■ **Task objective**: Using the data that follows, output only the lines from the line with "One source of" up to and including the line with "Hello everyone, welcome", exactly, leaving pictures aside.

Saved data entries
++++++++++
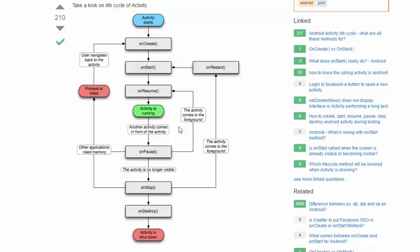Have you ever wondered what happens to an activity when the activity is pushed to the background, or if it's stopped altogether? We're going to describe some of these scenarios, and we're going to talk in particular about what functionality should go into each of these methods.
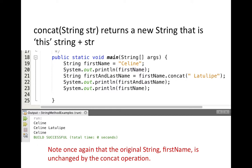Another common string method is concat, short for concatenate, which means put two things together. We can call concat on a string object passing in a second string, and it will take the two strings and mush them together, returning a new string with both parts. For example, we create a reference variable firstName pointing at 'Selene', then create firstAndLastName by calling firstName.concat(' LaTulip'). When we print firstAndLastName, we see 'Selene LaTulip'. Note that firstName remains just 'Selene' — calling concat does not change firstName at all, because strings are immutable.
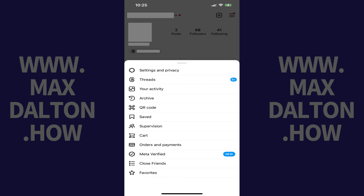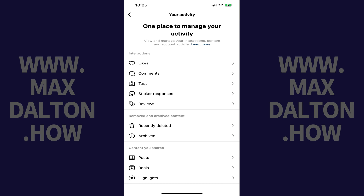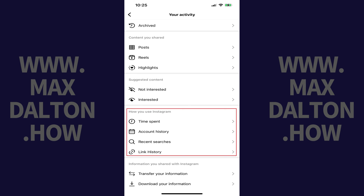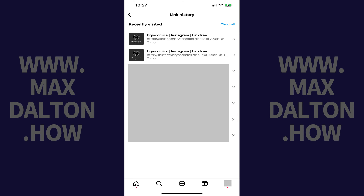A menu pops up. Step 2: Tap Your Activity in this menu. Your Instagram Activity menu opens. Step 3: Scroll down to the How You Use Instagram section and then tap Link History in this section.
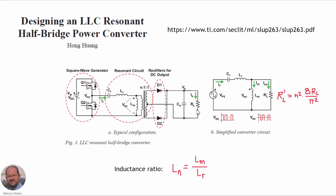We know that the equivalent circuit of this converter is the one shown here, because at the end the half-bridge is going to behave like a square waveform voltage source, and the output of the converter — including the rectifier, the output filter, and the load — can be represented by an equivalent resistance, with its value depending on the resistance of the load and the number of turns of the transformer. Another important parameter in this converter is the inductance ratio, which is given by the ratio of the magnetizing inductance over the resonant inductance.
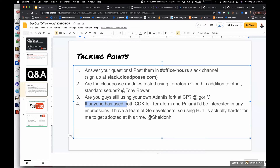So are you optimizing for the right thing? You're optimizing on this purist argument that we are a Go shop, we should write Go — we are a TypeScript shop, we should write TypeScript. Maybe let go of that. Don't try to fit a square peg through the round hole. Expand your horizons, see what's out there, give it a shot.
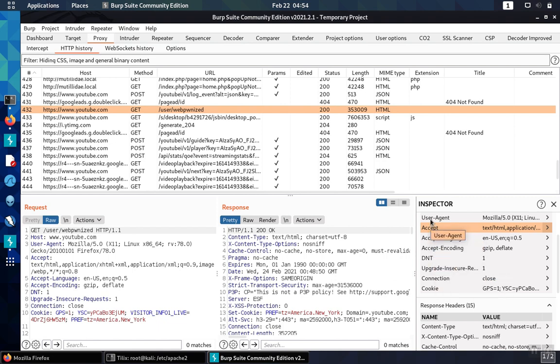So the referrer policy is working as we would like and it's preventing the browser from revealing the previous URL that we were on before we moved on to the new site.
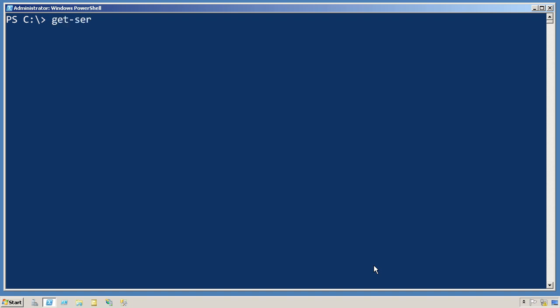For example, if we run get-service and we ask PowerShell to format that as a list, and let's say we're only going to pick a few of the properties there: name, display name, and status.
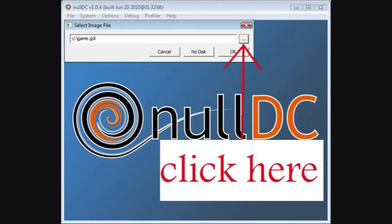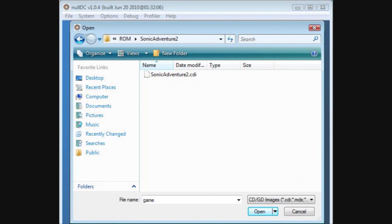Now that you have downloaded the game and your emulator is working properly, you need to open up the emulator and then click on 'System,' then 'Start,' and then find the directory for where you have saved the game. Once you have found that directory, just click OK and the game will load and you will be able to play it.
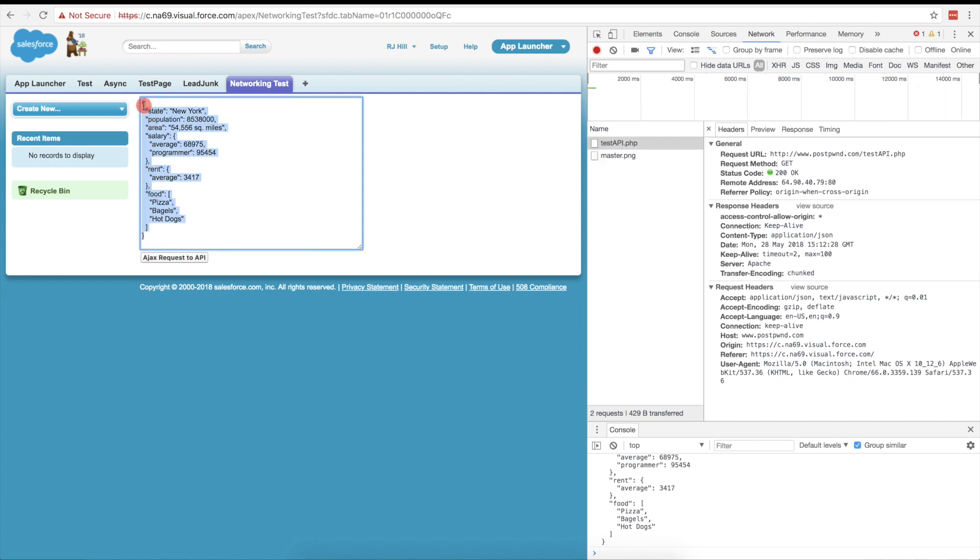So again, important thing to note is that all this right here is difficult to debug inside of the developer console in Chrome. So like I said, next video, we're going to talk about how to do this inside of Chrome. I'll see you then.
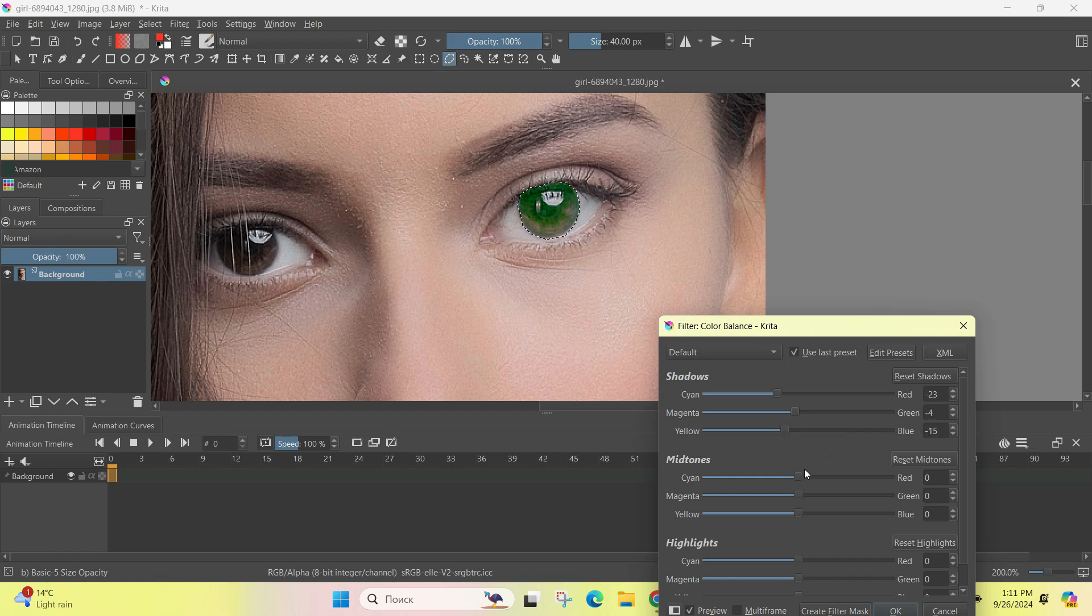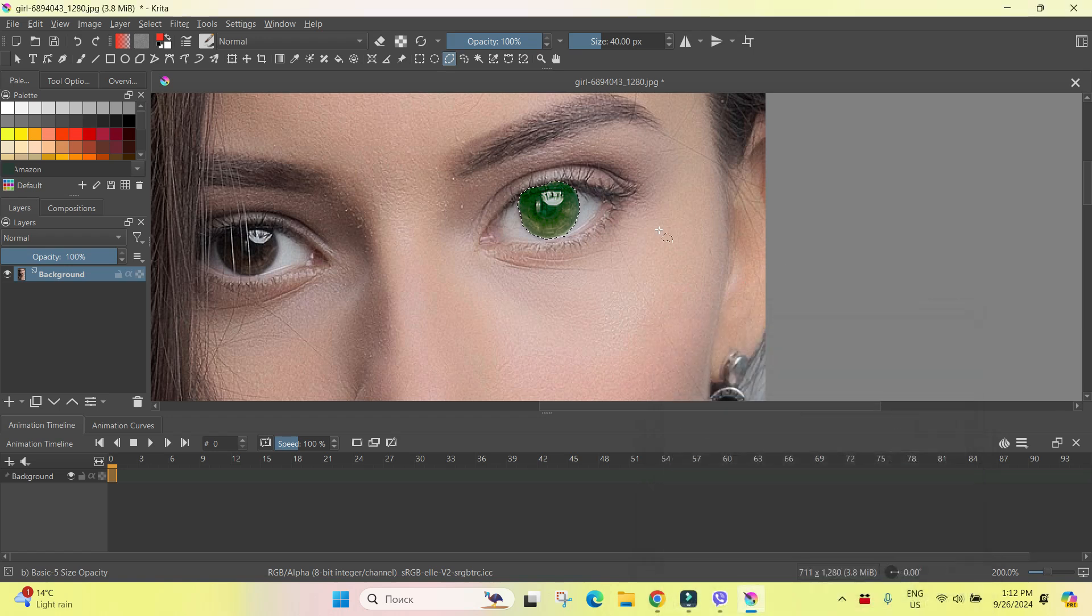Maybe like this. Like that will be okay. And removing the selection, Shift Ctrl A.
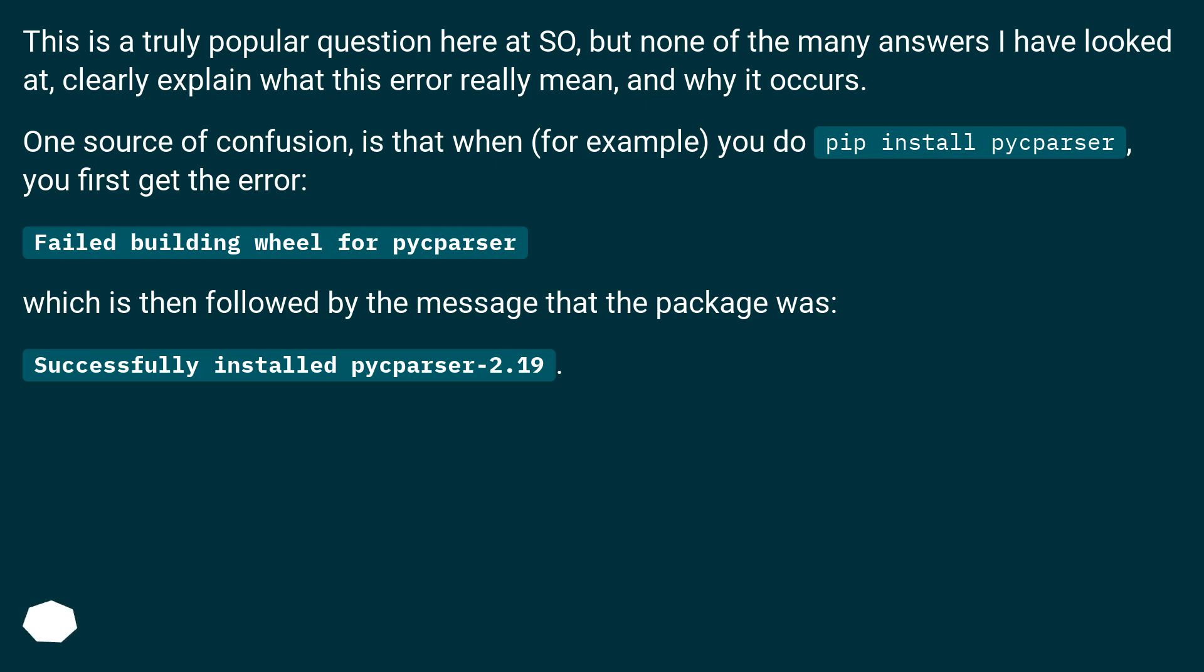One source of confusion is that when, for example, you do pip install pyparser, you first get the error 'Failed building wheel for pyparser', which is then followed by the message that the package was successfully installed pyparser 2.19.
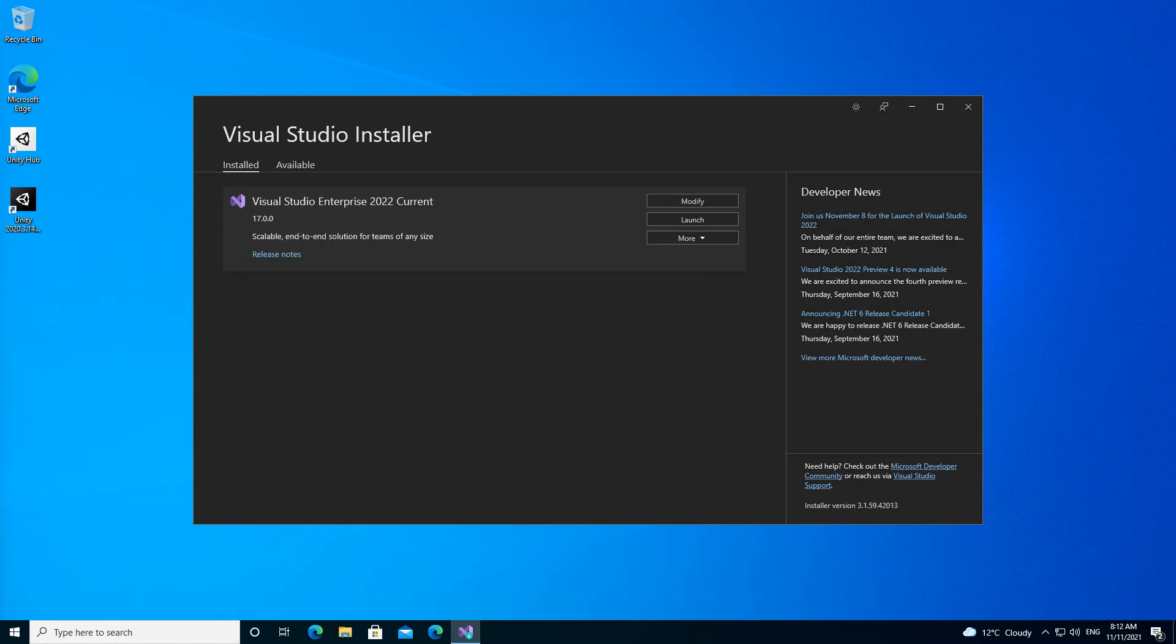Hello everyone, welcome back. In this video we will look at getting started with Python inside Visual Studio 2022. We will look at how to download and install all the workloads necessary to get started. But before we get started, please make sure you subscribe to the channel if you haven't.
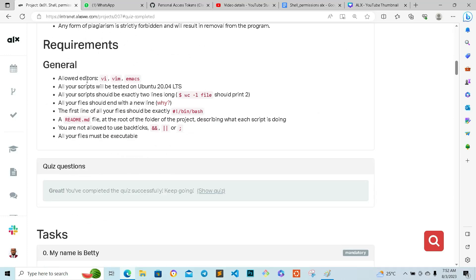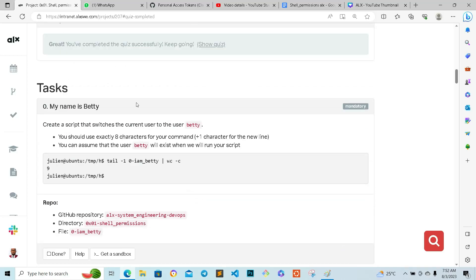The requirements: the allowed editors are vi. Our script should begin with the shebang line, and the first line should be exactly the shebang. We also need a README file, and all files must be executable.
++++++++++
■ **Response to this task**:
One source of confusion is that when, for example, you do pip install pyparser, you first get the error 'Failed building wheel for pyparser', which is then followed by the message that the package was successfully installed pyparser 2.19.
Hello everyone, welcome back. In this video we will look at getting started with Python inside Visual Studio 2022. We will look at how to download and install all the workloads necessary to get started. But before we get started, please make sure you subscribe to the channel if you haven't.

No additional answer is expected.